Task prompt: Extract precisely the lines that run from the line containing "New Arrivals 2021" to the end of the records below, with both ends included and pictures omitted.

Records shown:
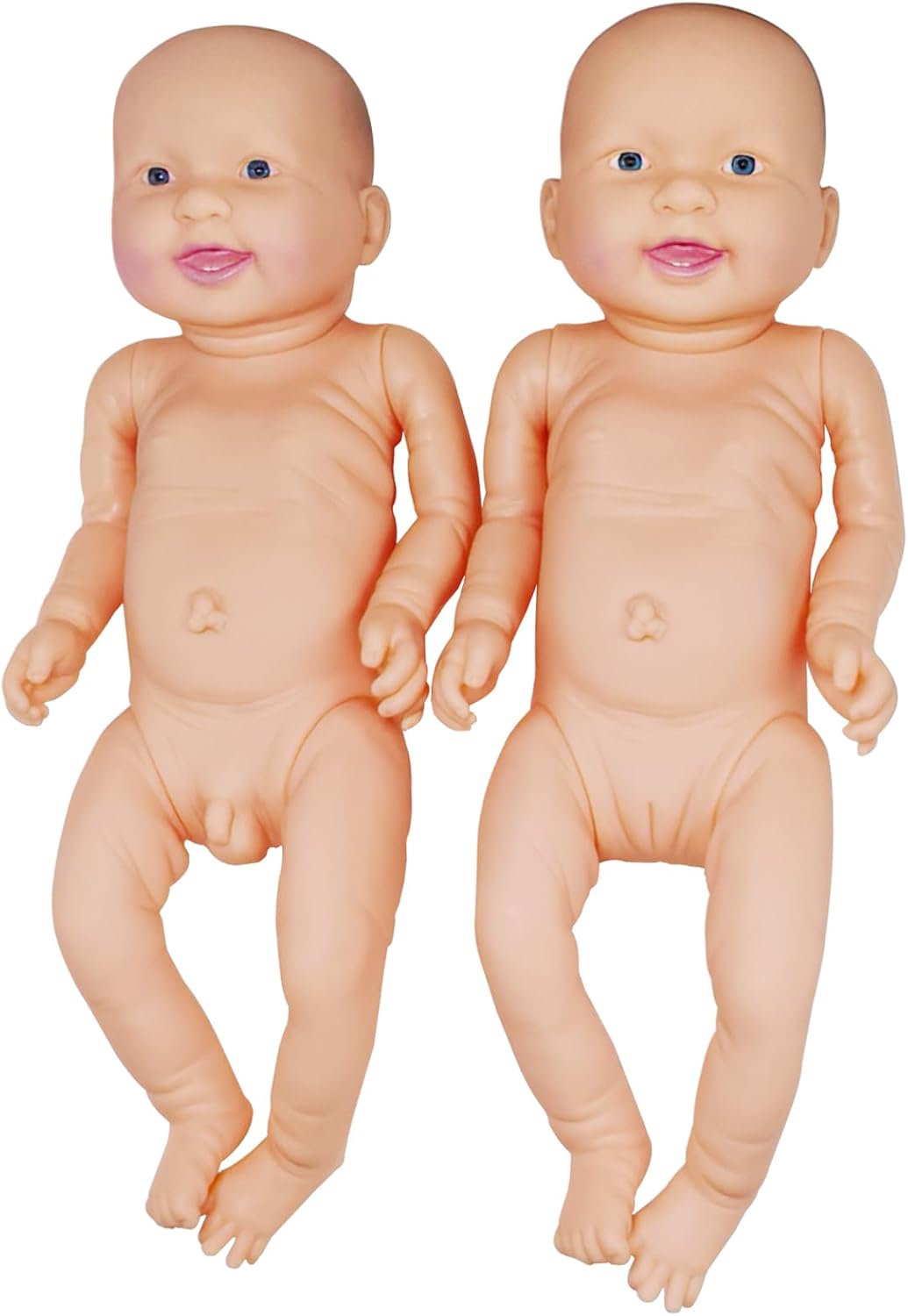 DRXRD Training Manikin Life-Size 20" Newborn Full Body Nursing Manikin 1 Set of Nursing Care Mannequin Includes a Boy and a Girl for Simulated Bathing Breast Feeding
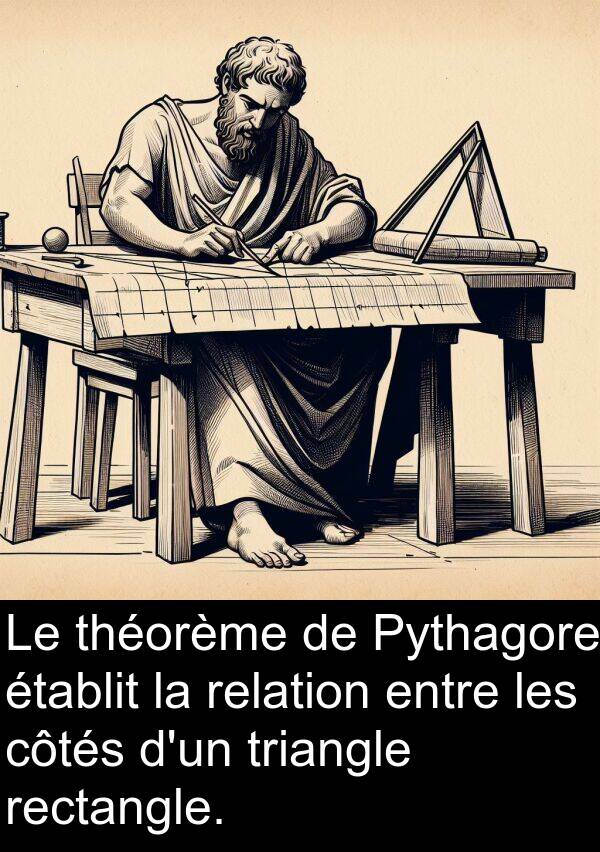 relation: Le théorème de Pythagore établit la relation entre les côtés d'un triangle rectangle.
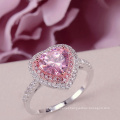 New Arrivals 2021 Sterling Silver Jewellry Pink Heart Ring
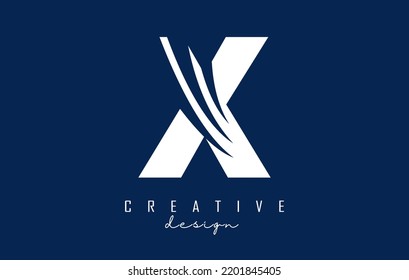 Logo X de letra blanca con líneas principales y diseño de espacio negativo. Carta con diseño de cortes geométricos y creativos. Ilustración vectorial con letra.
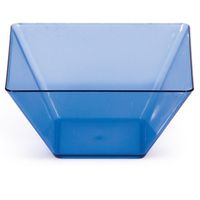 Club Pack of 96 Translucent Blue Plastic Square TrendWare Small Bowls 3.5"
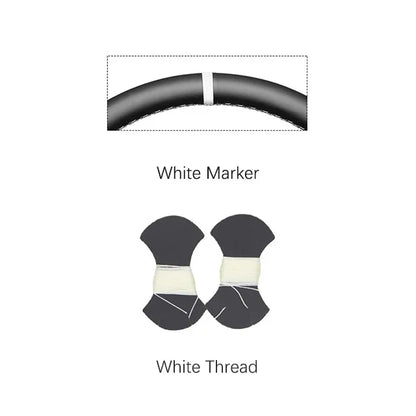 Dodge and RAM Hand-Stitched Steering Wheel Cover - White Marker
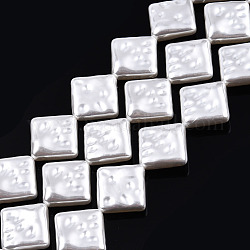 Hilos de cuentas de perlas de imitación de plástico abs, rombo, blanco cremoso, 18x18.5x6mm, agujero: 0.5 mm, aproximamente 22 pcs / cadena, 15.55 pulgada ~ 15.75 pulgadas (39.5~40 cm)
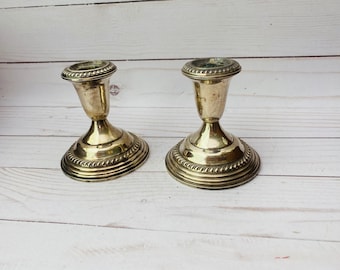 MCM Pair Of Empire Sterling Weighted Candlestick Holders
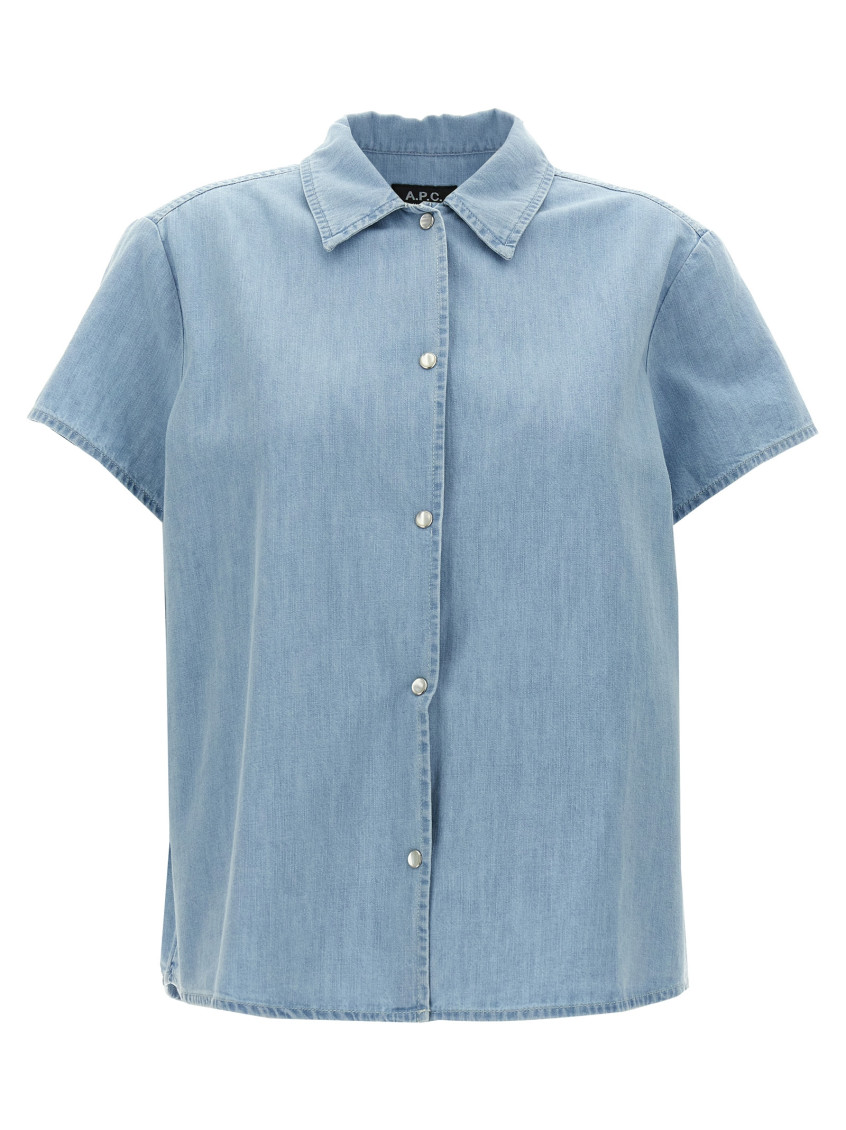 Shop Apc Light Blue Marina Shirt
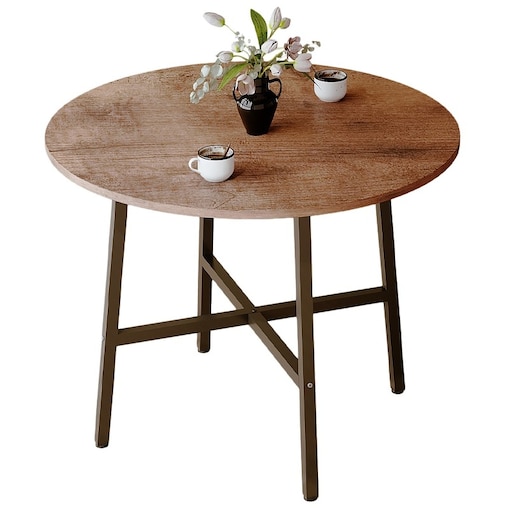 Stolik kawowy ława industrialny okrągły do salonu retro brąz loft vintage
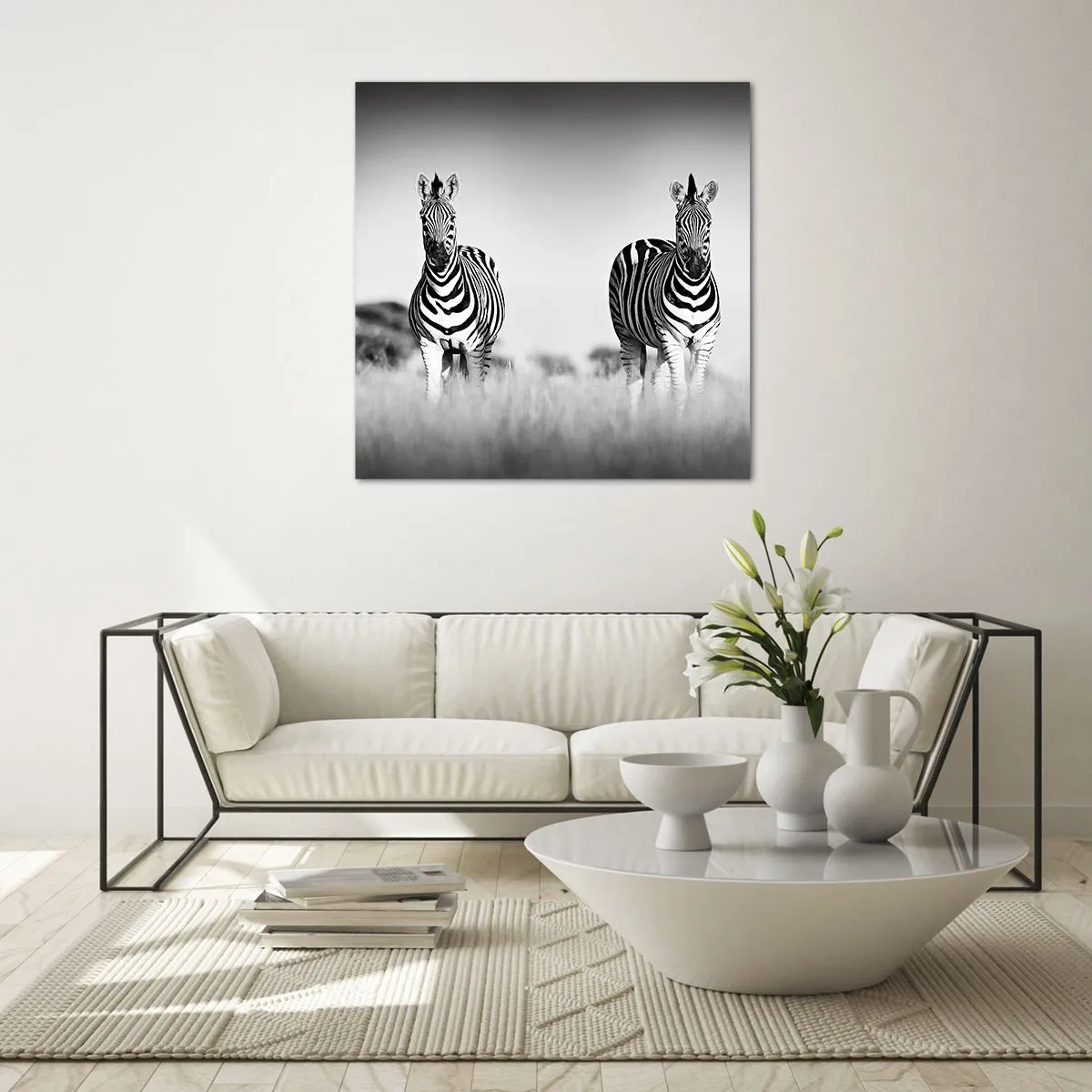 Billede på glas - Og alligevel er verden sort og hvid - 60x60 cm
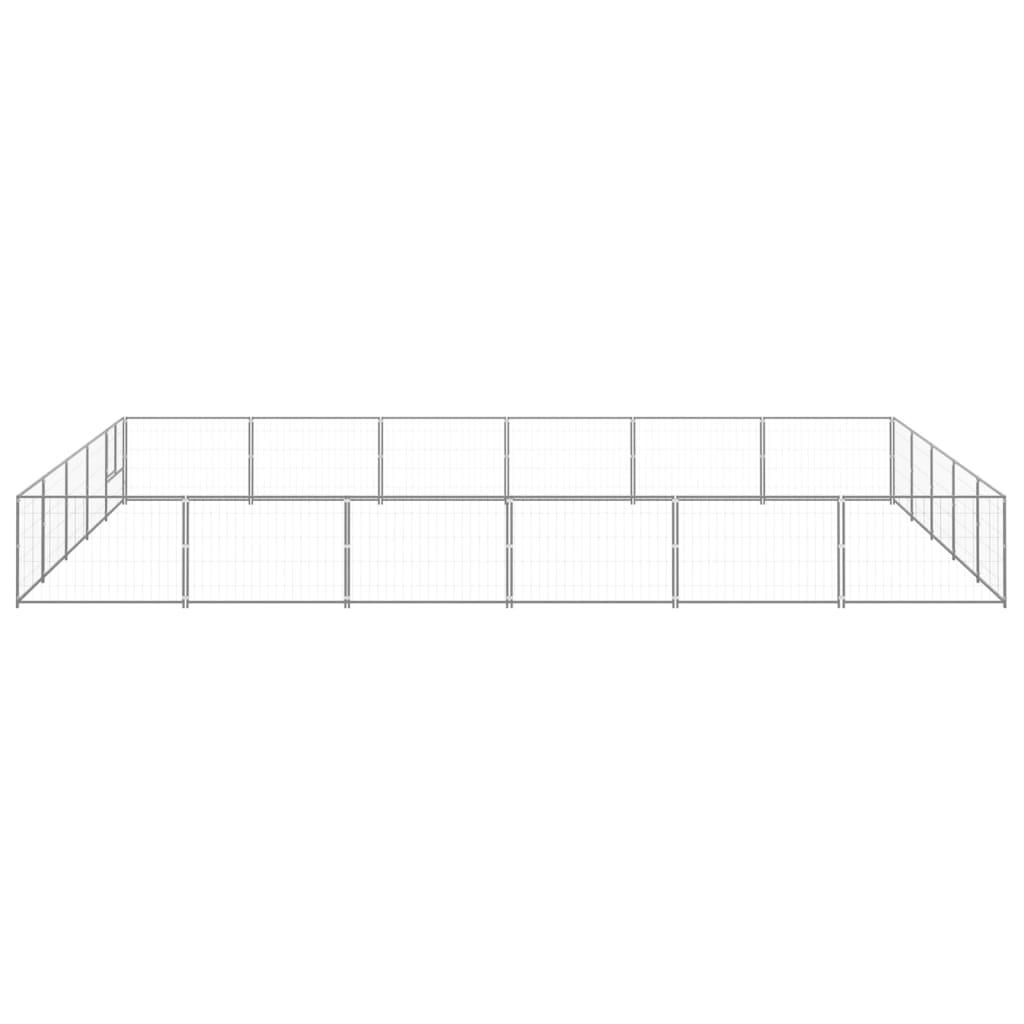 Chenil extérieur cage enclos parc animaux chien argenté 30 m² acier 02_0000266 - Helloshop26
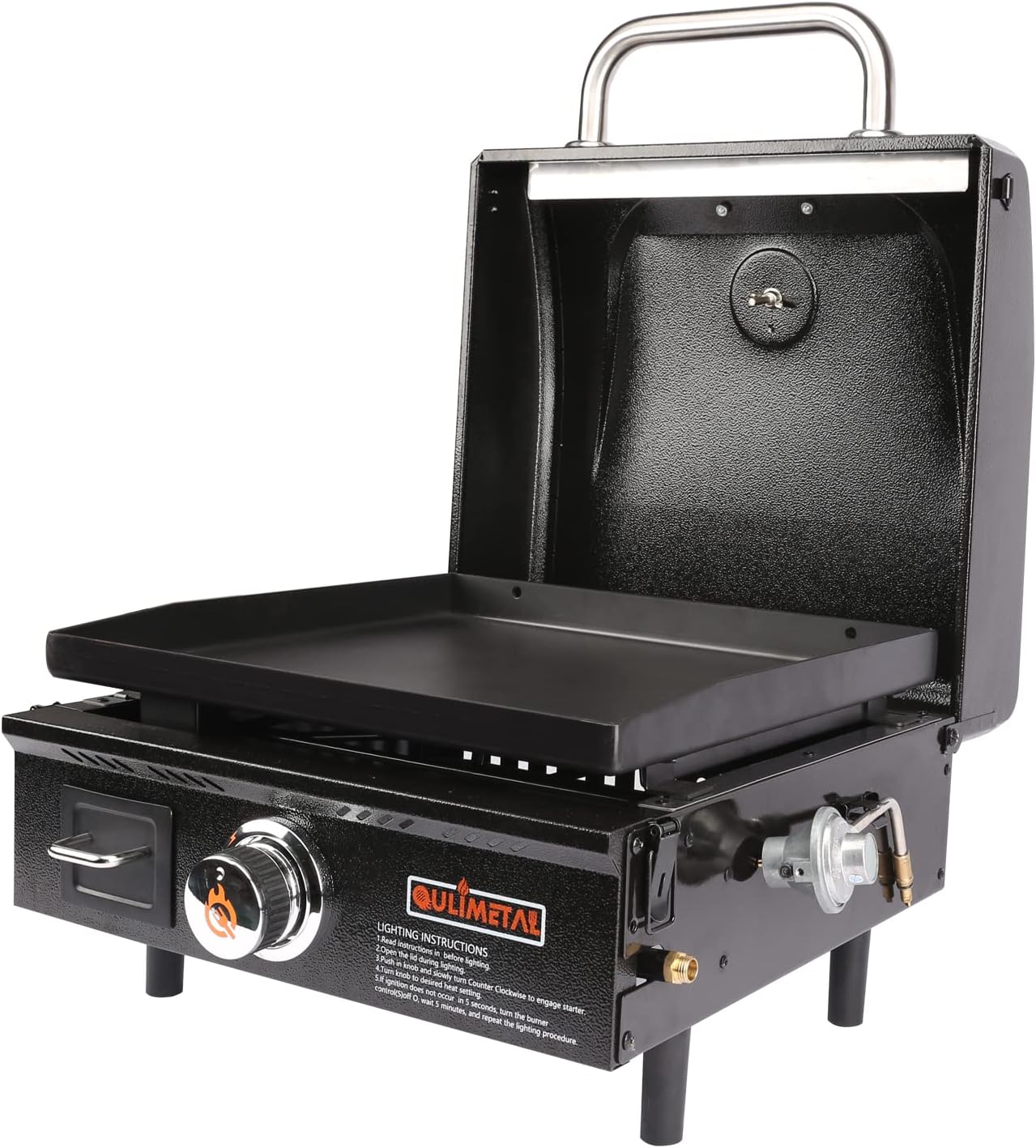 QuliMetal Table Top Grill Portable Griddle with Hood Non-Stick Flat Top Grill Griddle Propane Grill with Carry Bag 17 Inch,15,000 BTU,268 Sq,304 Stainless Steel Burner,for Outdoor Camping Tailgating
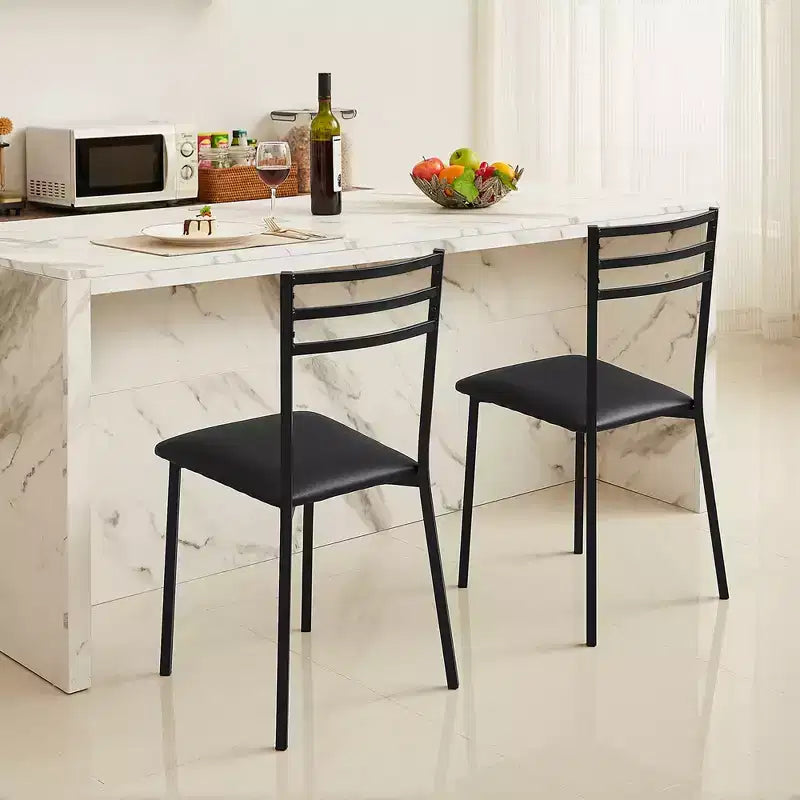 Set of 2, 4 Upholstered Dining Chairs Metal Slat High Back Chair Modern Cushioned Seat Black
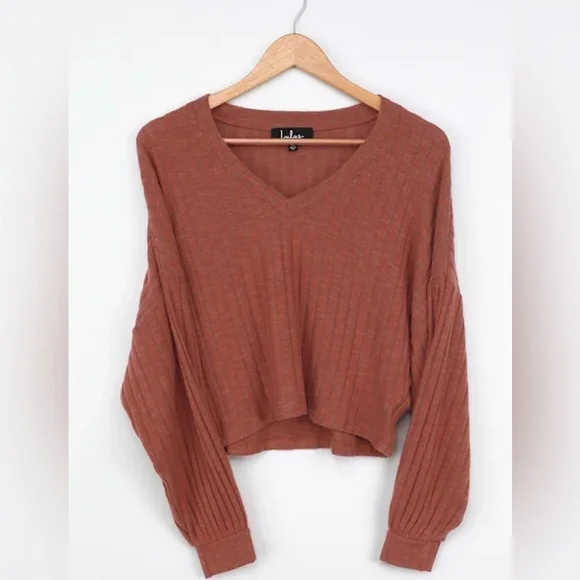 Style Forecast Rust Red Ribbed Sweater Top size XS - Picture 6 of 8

Solution:
 New Arrivals 2021 Sterling Silver Jewellry Pink Heart Ring
 Logo X de letra blanca con líneas principales y diseño de espacio negativo. Carta con diseño de cortes geométricos y creativos. Ilustración vectorial con letra.
 Club Pack of 96 Translucent Blue Plastic Square TrendWare Small Bowls 3.5"
 Dodge and RAM Hand-Stitched Steering Wheel Cover - White Marker
 Hilos de cuentas de perlas de imitación de plástico abs, rombo, blanco cremoso, 18x18.5x6mm, agujero: 0.5 mm, aproximamente 22 pcs / cadena, 15.55 pulgada ~ 15.75 pulgadas (39.5~40 cm)
 MCM Pair Of Empire Sterling Weighted Candlestick Holders
 Shop Apc Light Blue Marina Shirt
 Stolik kawowy ława industrialny okrągły do salonu retro brąz loft vintage
 Billede på glas - Og alligevel er verden sort og hvid - 60x60 cm
 Chenil extérieur cage enclos parc animaux chien argenté 30 m² acier 02_0000266 - Helloshop26
 QuliMetal Table Top Grill Portable Griddle with Hood Non-Stick Flat Top Grill Griddle Propane Grill with Carry Bag 17 Inch,15,000 BTU,268 Sq,304 Stainless Steel Burner,for Outdoor Camping Tailgating
 Set of 2, 4 Upholstered Dining Chairs Metal Slat High Back Chair Modern Cushioned Seat Black
 Style Forecast Rust Red Ribbed Sweater Top size XS - Picture 6 of 8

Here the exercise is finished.